I was looking around, not paying attention to all the faux-angst emanating from the cinematographer. “This isn’t exactly what you’d call Babesville, huh?”
“It’s about time you gave up your foolish dreams, Victor,” Felix said sternly, lifting his head. “Your world’s a little limited.”
“Why’s that, bro?”
“Haven’t you read the rest of the script?” he asked. “Don’t you know what’s going to happen to you?”
“Oh man, this movie’s so over.” A semi-restlessness was settling in and I wanted to take off. “I’m improvising, man. I’m just coasting, babe.”
“Just be prepared,” Felix said. “You need to be prepared.” He gulped down the rest of his brandy and watched intently as the bartender set the new snifter in front of him. “You
need
to pay attention.”
“This really isn’t happening,” I yawned. “I’m taking my champagne elsewhere.”
“Victor,” Felix said. “Things get mildly … er, hazardous.”
“What are you saying, Felix?” I sighed, sliding off the barstool. “Just make sure I’m lit well and don’t play any colossal tricks on me.”
“I’m worried that the project is … ill-conceived,” he said, swallowing.
“The writers seem to be making it up as it goes along, which normally I’m used to. But here …”
“I’m taking my champagne elsewhere,” I sighed, tossing him a $100 chip from the casino.

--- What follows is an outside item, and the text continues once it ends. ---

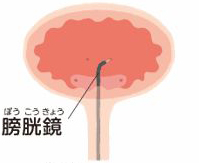 膀胱鏡（ぼうこうきょう）　図版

“I think things will be getting out of hand,” he said faintly before I wandered away.
In bed I finally had the sense to just smoke a large joint while listening on my Walkman to a bootleg Nirvana tape that Jerry Harrington had loaned me, and the live feed of the ship heading straight into darkness on the TV was the only light in the cabin as a dead guy sang me to sleep, dreams intervening, peaking with a voice shouting out, then fading,
hello? hello? hello?
Just another sunny day and semi-balmy but with a constant headwind and I’m at the pool deck holding a towel, wandering around, amiably spacey with rock-star stubble, wearing a tight Gap tank top, sunglasses lowered at the girl with the total Juliette-Binoche-if-Juliette-Binoche-were-blond-and-from-Darien-Connecticut look lying on a chaise longue in a row of twenty: tall, statuesque, killer abs, a little too muscular maybe but the hardness offset by large, soft-looking breasts straining against a white gauzy half-shirt, the prerequisite curvy legs outlined beneath leopard-print Capri pants. On the table next to her, copies of
Vogue, Details
, a
W
Chloe and I are in,
Vanity Fair
and
Harper’s Bazaar
are kept from flying overboard by a small pitcher of iced tea placed on top of them and I’m instinctively moving into frame, hitting my mark. The girl suddenly rummages through an enormous Chanel tote bag—and then—a mascara wand falls from her hand which I gracefully stoop down to pick up—a rehearsed gesture I’m pretty good at.